Raline tersentak saat Davin tiba-tiba mencengkeram tangannya dengan erat, Steve hendak bertindak namun Raline menggeleng meminta pria itu tetap mengawasi. "Kau merasa menjadi manusia paling sempurna ya Raline? Kau pikir orang-orang yang saat ini bertahan bersamamu karena mereka menyukaimu?" katanya seraya berdecih. Sorot matanya tajam menusuk kedua bola mata Raline yang menatapnya sama tajam. Ia tidak boleh lemah di hadapan Davin, meski hatinya mengatakan hal lain, tapi ia tetap akan bersikap angkuh dan mengintimidasi Davin.
"Mereka bertahan denganmu karena kau kaya. Mereka semua hanya menginginkan uangmu, kau bahkan buruk dalam menjalin hubungan,"

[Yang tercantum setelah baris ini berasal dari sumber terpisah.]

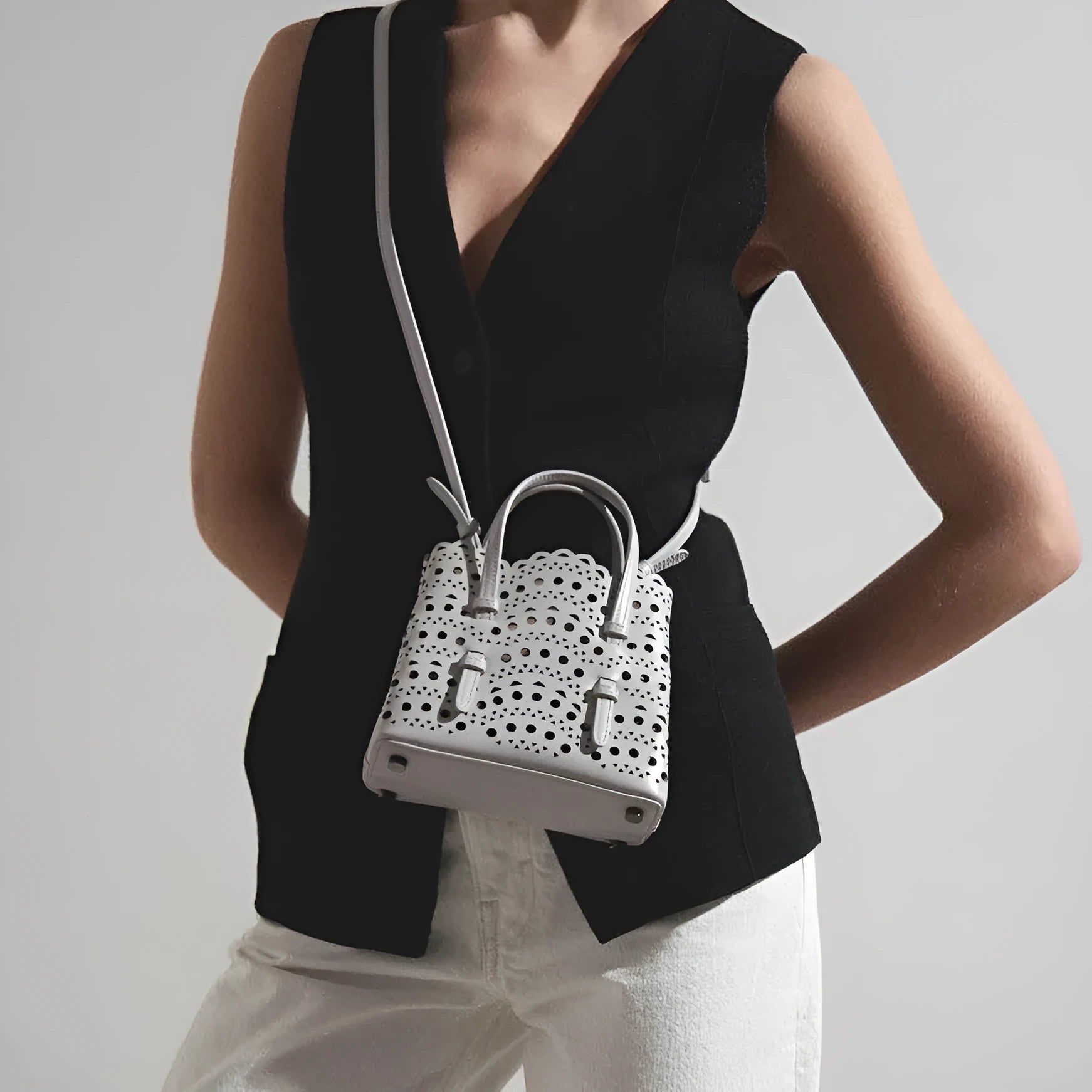 Hollow carved PU tote bag in horizontal square shape with three shoulder straps, available in various colours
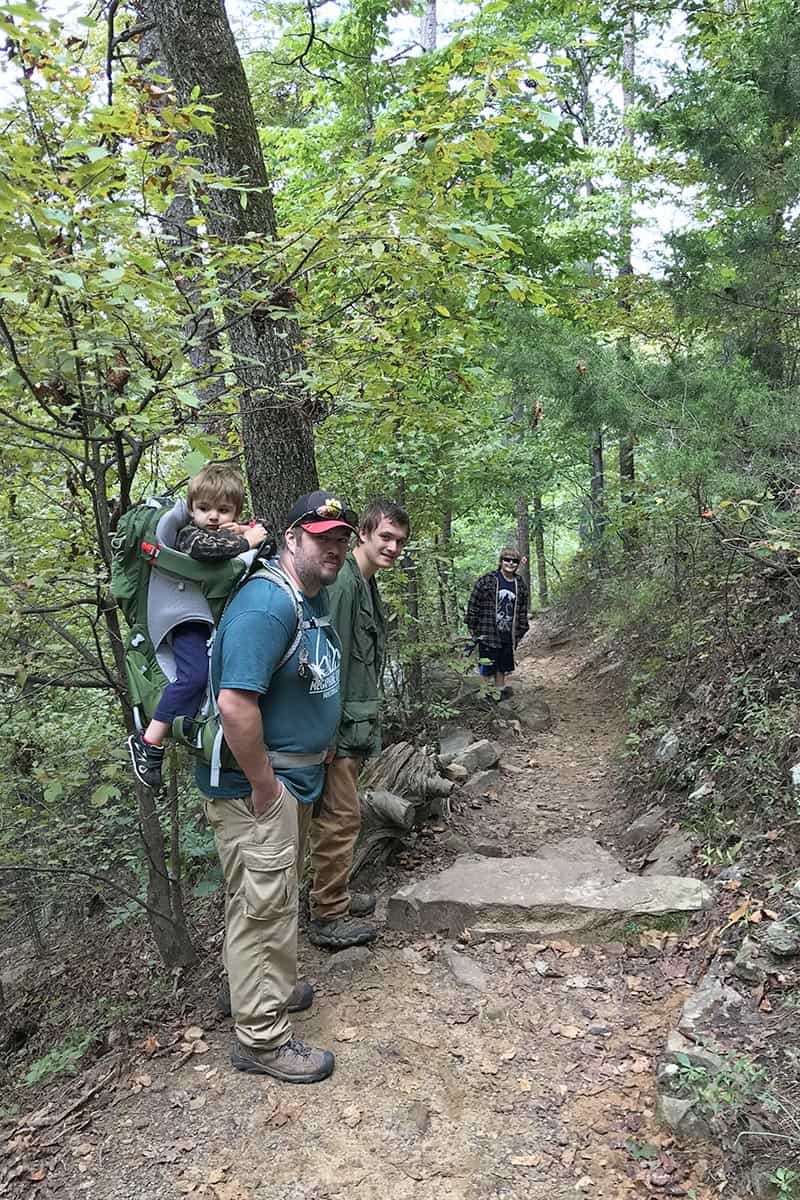 family hiking down Cedar Falls Trail in Petit Jean State Park
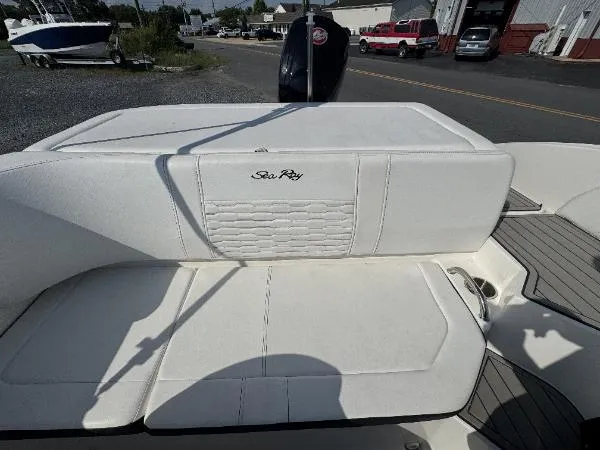 Slide: The Image of 2023 Sea Ray SPX 190 boat with white seating and logo, parked outdoors. - 5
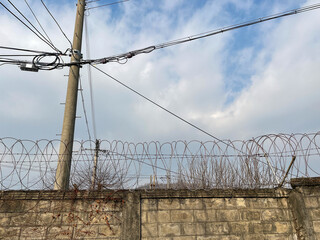 Walls, barbed wire, electric poles, electric lines, blue sky,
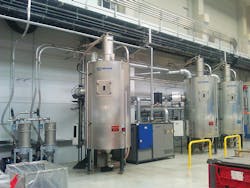 A drying system from Labotek includes an external heat recovery (EHR) unit, drying hopper, desiccant flexible dryer, vacuum receivers and a vacuum station and filter. A drying system from Labotek includes an external heat recovery (EHR) unit, drying hopper, desiccant flexible dryer, vacuum receivers and a vacuum station and filter.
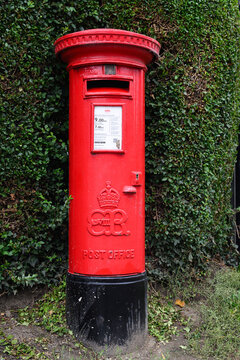 Welshpool, Wales, UK - September 6, 2024; Rare King Edward VIII cipher on red post office pillar box along hedgerow
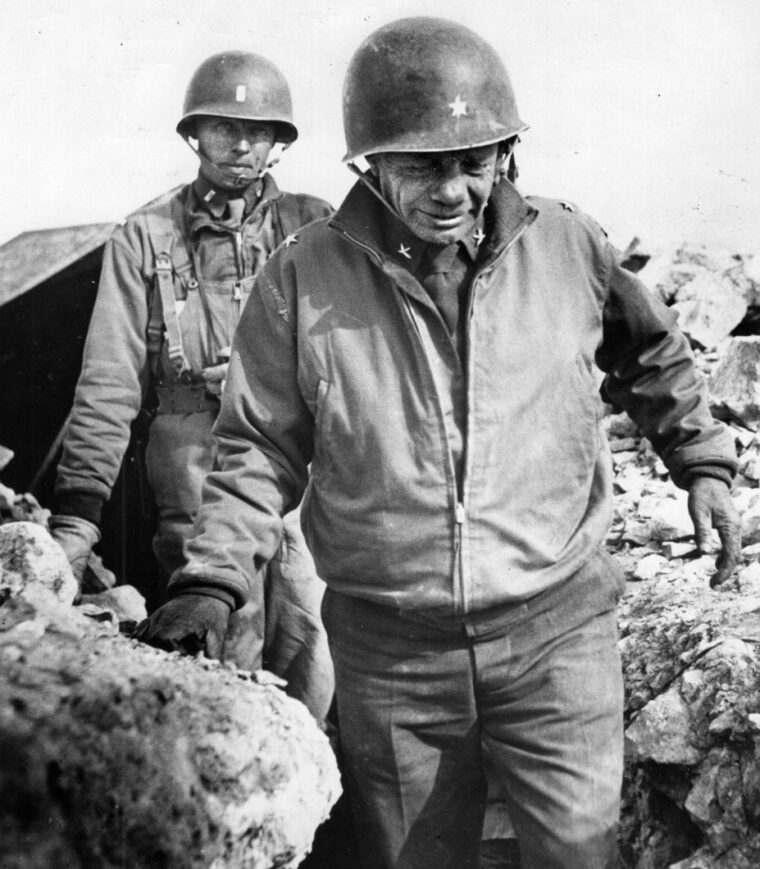Roosevelt, and his son, Captain Quentin Roosevelt, photographed in a slit trench. General Roosevelt received the Medal of Honor for his command presence on D-Day. 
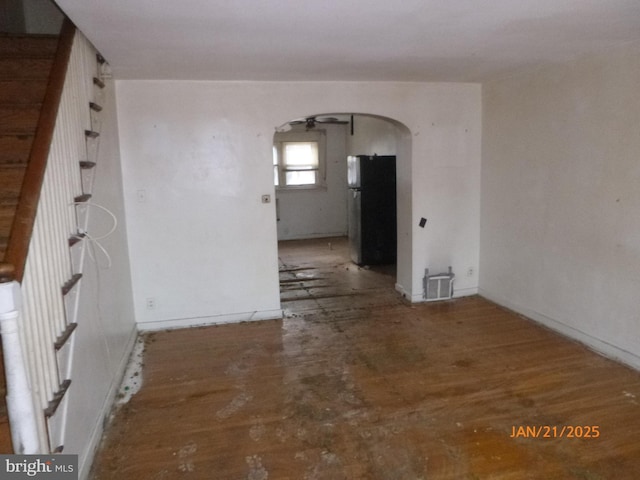 empty room with wood-type flooring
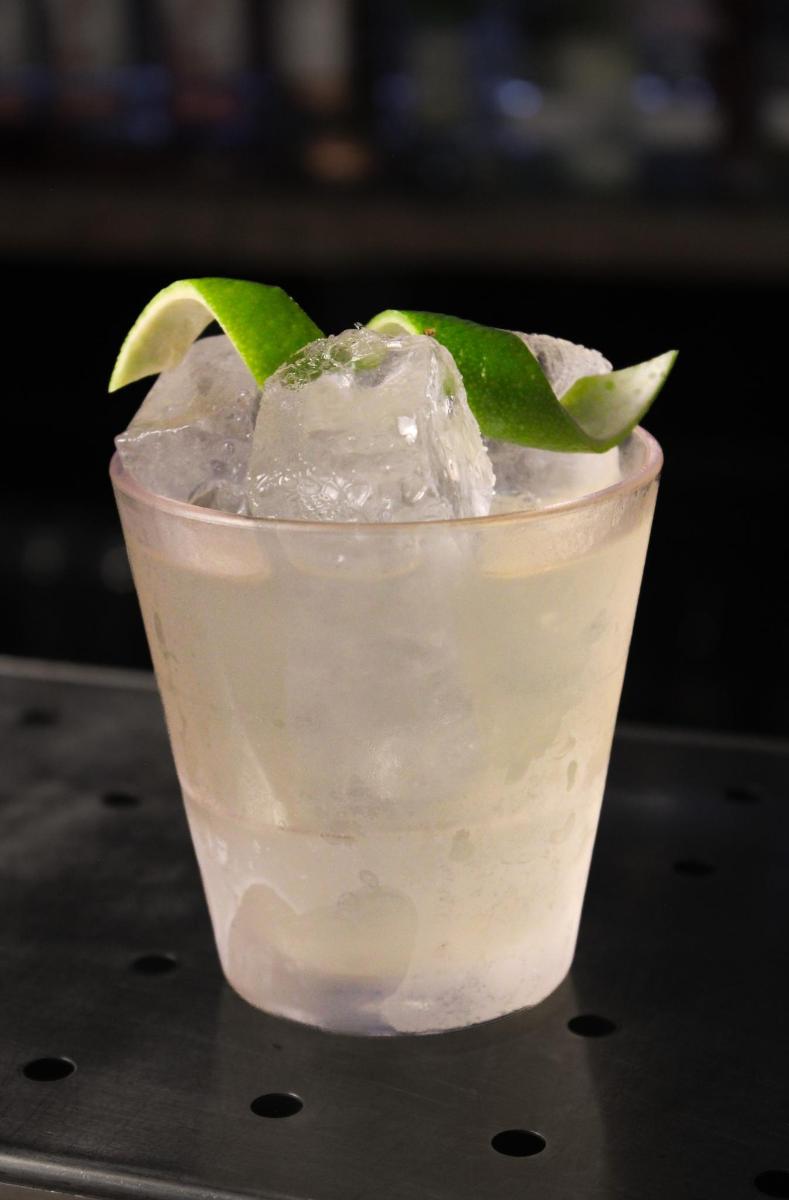 桌上放着一杯加冰和青柠的饮料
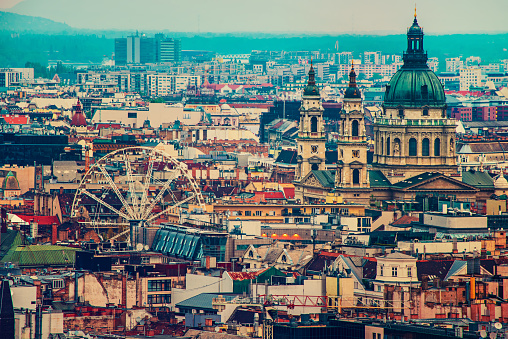 View of Budapest from above, downtown with st.Istvan church and ferris wheel, travel outdoor european Hungary background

Davin menghempaskan tangan Raline dengan kasar, lalu ia menyugar rambutnya ke belakang, gerakan yang dulu selalu membuat Raline terpesona dan menjadi orang bodoh karena di manfaatkan oleh pria brengsek di hadapannya ini. Diluar dugaan, Raline yang semula Davin pikir akan terhina dan lemah dengan perkataannya, wanita itu justru terbahak mengundang atensi beberapa orang yang berlalu lalang di pelataran parkir apartmen mewah itu, karena kebanyakan orang yang menghuni unit ini adalah pekerja yang super sibuk dan pulang di atas jam sembilan malam. "Memang, dan karena uang yang ku miliki aku bisa melakukan apa pun, termasuk mengusirmu, menjual semua mobil pemberianku, meminta orang bank memblokir kartu kredit milikku yang di pegang olehmu, dan juga--" Raline menjeda ucapannya mendekatkan wajah dan berbisik di telinga Davin, "Memblokir namamu dimana-mana. Kau akan kesulitan mencari pekerjaan sayangku .... " imbuhnya, dan tentu saja membuat darah Davin mendidih.
Raline menepuk dada Davin, "Kembalilah ke asalmu sebelumnya. Steven ayo pulang!"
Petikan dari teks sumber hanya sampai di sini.